WHAT TO PRODUCE: Go to the line with "a Peasant Dance" in the entries below and write out every line from there through the line with "1999-2003 Saab 9-3", exactly and without pictures.

INPUT DATA:
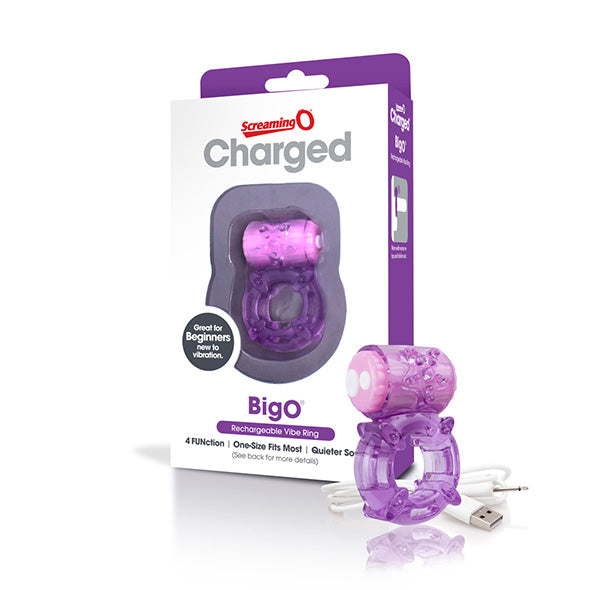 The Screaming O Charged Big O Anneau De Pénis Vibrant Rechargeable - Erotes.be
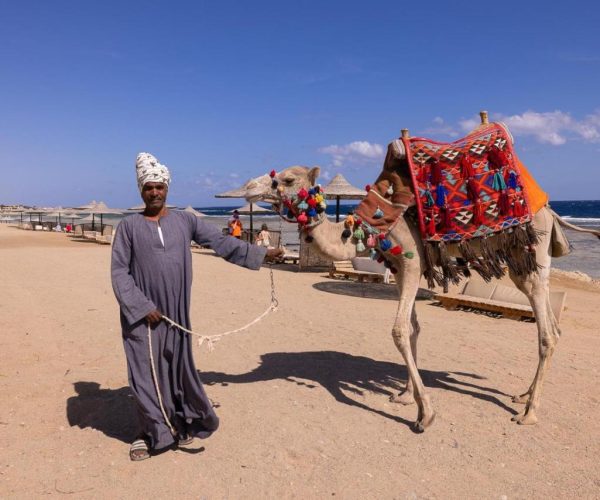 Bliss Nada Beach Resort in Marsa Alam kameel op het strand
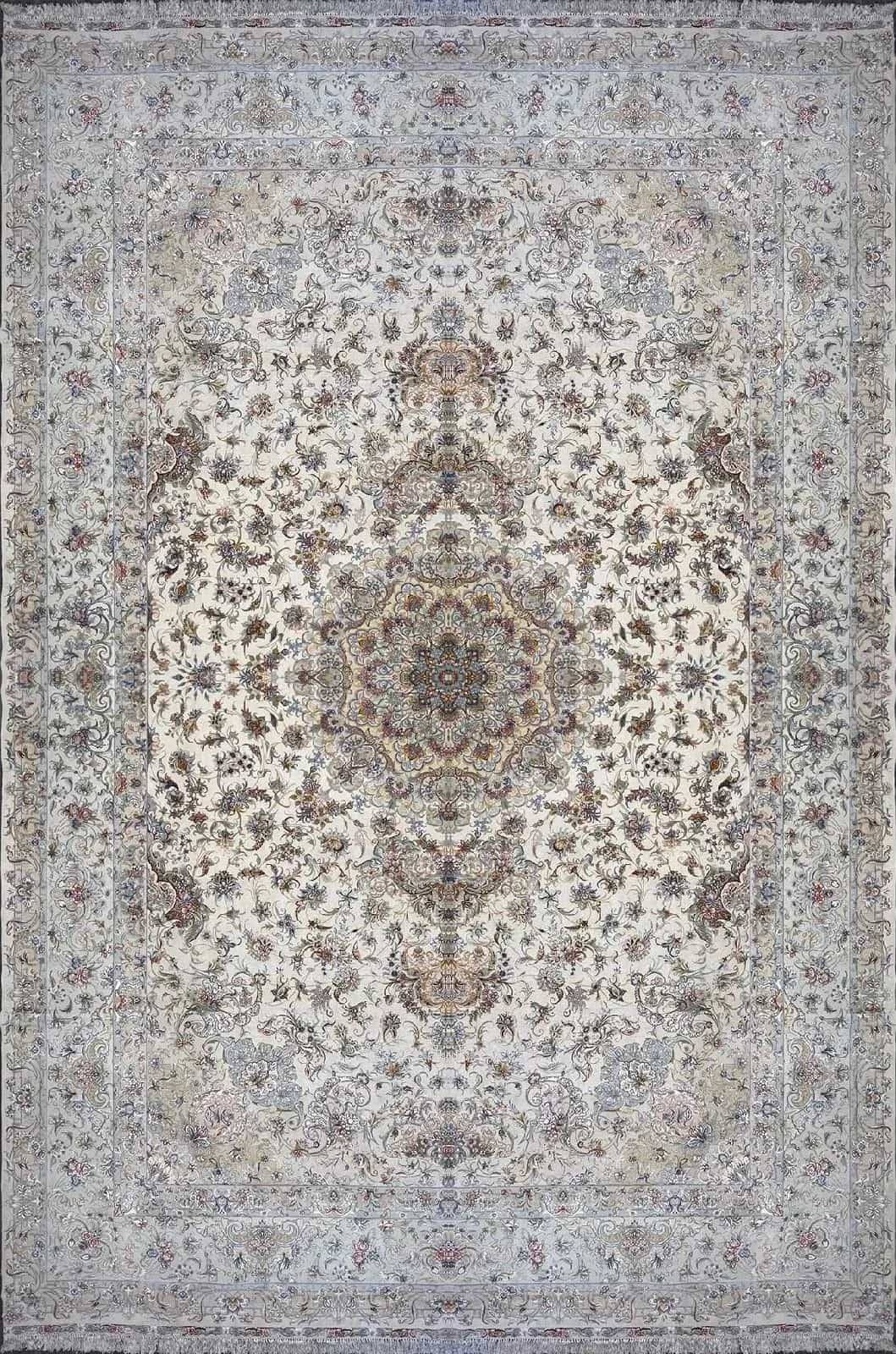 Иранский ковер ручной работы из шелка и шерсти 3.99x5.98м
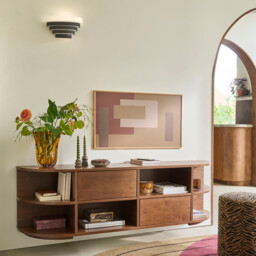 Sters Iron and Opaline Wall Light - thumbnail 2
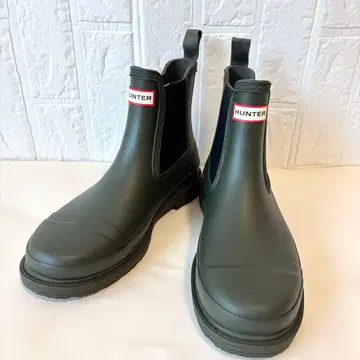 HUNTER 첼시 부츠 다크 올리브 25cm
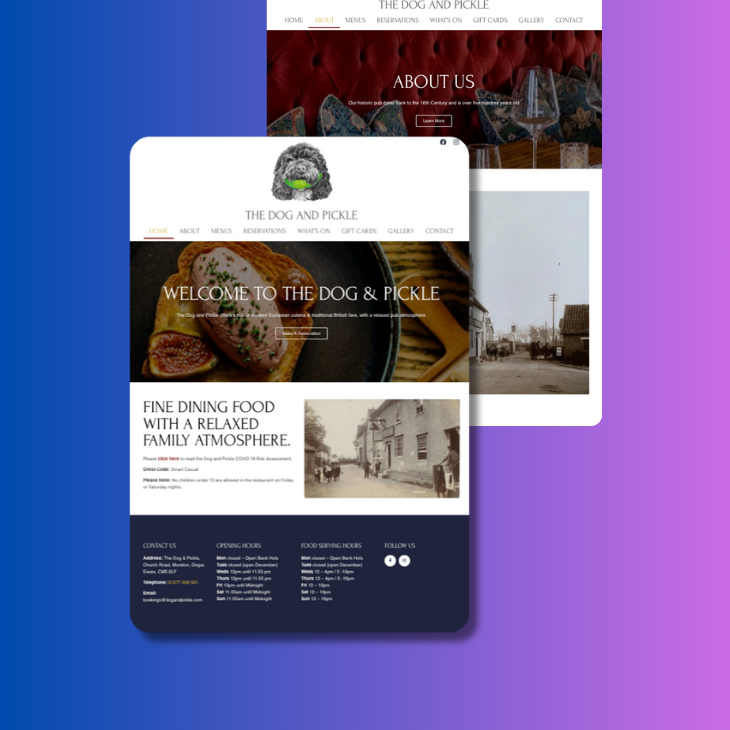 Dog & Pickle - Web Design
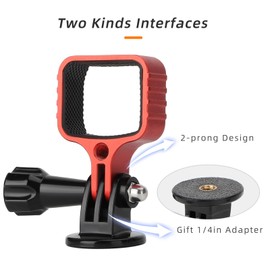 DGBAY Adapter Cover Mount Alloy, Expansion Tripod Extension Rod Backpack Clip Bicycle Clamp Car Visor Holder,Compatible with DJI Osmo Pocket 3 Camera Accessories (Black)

...

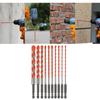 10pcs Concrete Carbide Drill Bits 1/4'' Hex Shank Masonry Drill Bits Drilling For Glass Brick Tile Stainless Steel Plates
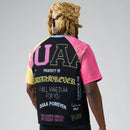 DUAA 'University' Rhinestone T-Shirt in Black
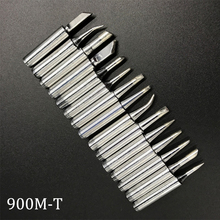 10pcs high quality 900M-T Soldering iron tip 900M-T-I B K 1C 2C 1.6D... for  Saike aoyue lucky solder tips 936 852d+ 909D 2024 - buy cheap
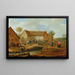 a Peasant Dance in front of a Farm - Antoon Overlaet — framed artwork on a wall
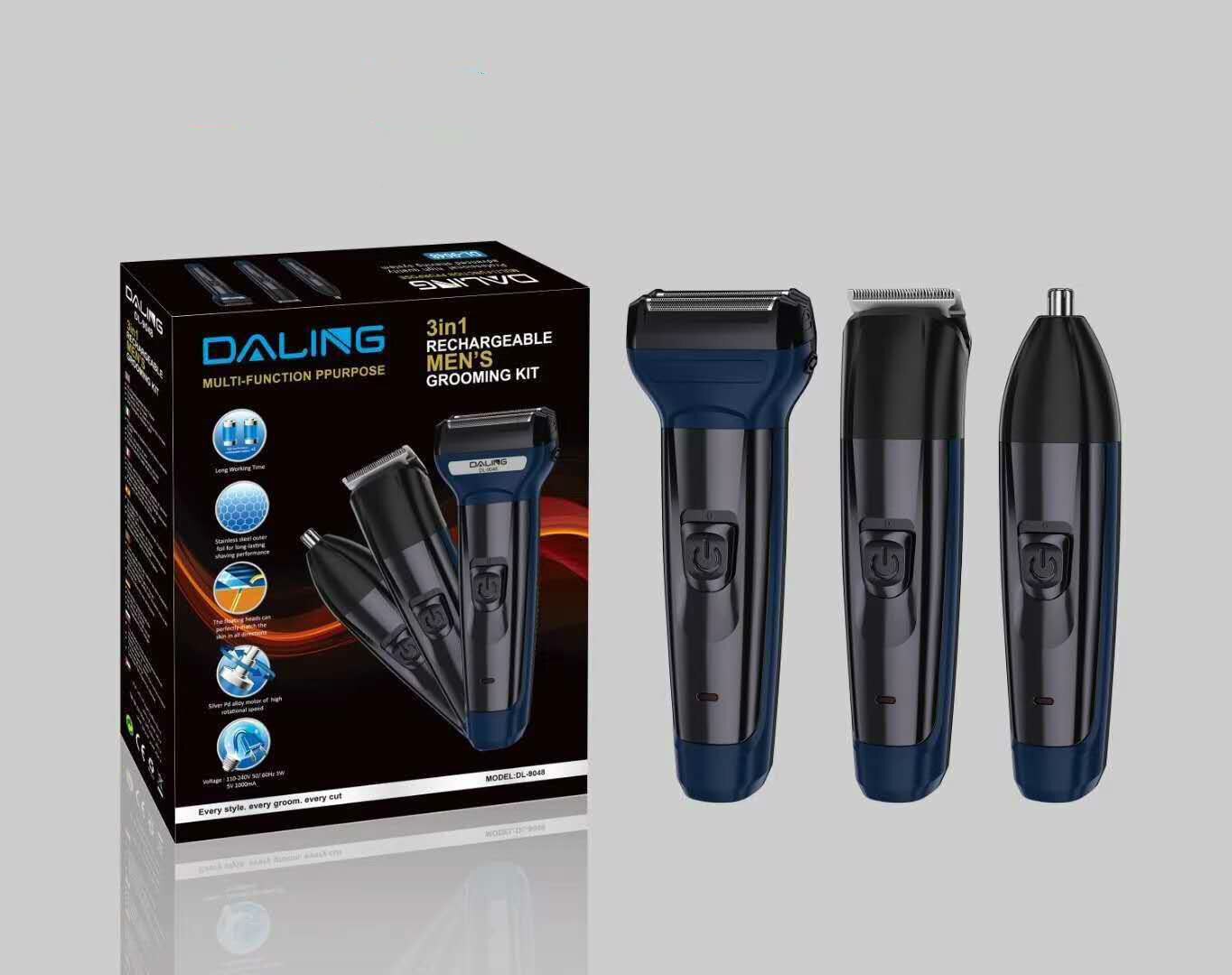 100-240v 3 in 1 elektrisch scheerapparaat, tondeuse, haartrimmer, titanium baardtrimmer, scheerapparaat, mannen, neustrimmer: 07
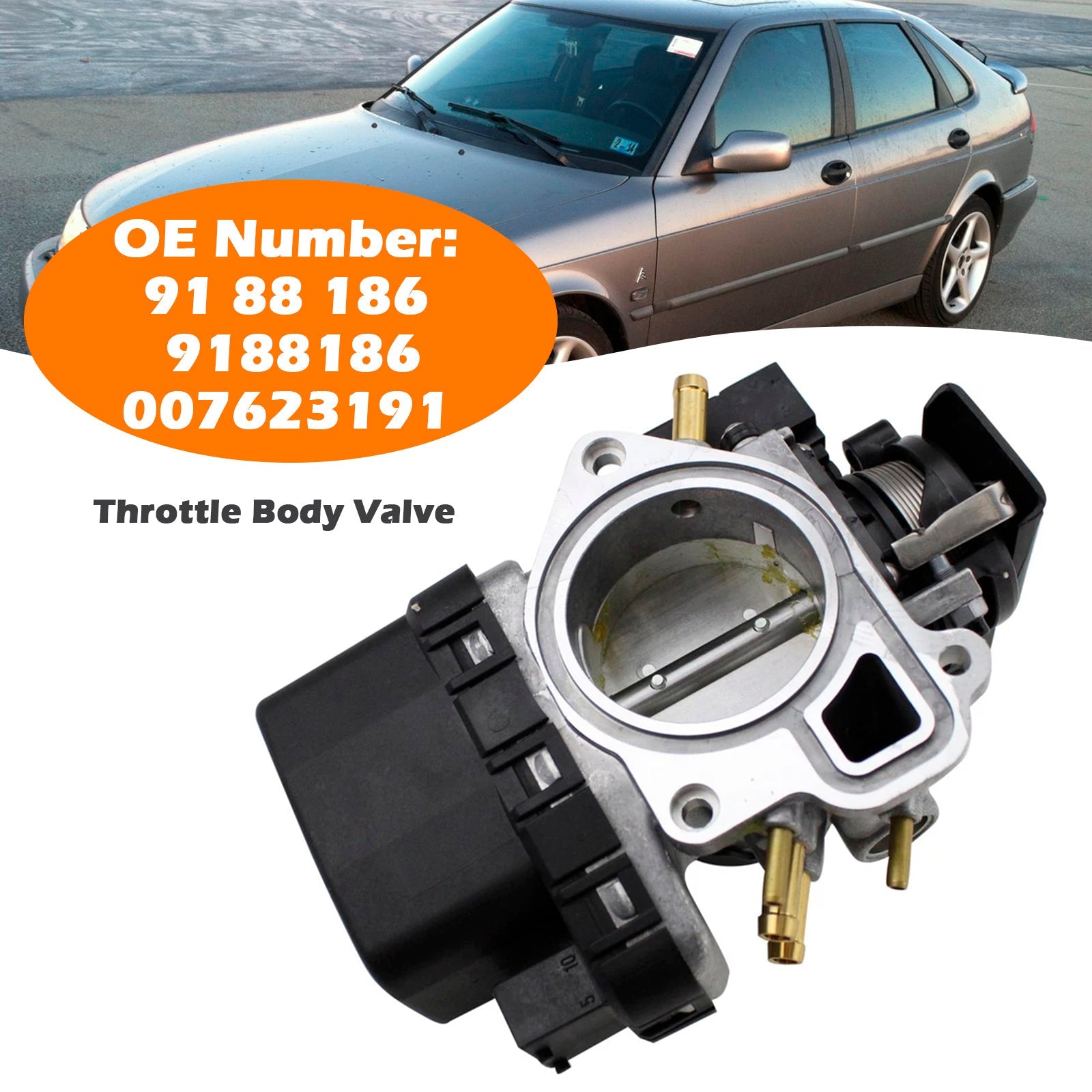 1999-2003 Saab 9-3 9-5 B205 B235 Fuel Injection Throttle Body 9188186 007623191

OUTPUT OF THE EXERCISE:
 a Peasant Dance in front of a Farm - Antoon Overlaet — framed artwork on a wall
 100-240v 3 in 1 elektrisch scheerapparaat, tondeuse, haartrimmer, titanium baardtrimmer, scheerapparaat, mannen, neustrimmer: 07
 1999-2003 Saab 9-3 9-5 B205 B235 Fuel Injection Throttle Body 9188186 007623191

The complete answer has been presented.